Participated in or currently participating in an interventional clinical trial investigating an experimental therapy following cessation of participation in a Jasper-sponsored CU trial.
Other active diseases with possible symptoms of urticaria, wheals or angioedema, including urticarial vasculitis, erythema multiforme, systemic or cutaneous mastocytosis (urticaria pigmentosa), and hereditary or acquired angioedema (e.g., due to C1 inhibitor deficiency)
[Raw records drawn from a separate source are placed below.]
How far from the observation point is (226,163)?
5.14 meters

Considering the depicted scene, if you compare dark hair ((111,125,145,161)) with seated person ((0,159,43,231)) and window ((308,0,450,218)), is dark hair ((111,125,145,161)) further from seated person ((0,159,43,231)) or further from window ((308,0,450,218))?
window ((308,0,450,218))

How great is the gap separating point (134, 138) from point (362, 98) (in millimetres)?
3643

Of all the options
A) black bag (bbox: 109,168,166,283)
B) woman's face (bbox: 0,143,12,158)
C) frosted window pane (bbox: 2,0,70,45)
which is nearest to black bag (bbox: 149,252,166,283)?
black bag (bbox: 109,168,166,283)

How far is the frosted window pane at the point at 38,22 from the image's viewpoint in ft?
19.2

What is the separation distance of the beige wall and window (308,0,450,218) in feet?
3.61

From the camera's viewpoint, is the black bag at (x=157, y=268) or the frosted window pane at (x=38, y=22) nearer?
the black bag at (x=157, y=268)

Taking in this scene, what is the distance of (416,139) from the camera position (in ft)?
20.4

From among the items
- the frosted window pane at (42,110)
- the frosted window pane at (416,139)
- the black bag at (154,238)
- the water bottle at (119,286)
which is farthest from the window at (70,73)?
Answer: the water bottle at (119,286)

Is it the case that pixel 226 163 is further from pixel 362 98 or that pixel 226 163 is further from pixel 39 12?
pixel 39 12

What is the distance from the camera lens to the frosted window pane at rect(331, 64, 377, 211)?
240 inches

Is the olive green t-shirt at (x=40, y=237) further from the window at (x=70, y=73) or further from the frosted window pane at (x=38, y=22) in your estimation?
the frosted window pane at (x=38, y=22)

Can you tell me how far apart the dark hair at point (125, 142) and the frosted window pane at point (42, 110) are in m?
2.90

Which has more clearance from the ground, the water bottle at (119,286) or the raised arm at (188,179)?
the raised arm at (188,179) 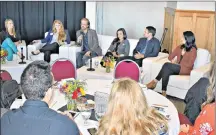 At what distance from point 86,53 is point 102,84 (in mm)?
2290

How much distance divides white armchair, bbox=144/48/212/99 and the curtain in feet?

Women who are pregnant or nursing or intend to become pregnant during the course of the trial
Any known contraindications or hypersensitivity to any component of briquilimab, drugs of similar chemical classes (i.e., to murine, chimeric or human antibodies) or antihistamines or leukotrienes. Those who have previously experienced an IP-related anaphylactic event, IP-related SAE, or IP-related AE that led to treatment discontinuation in a prior Jasper-sponsored urticaria clinical trial, which in the opinion of the Investigator or medical monitor, may indicate that continued treatment could present an unreasonable risk to the participant are also excluded.
Any other acute or chronic medical or psychiatric condition or laboratory abnormality that could increase the risk associated with trial participation or briquilimab administration or could interfere with the interpretation of trial results and, in the judgment of the Investigator, would make the participant inappropriate for entry into the trial.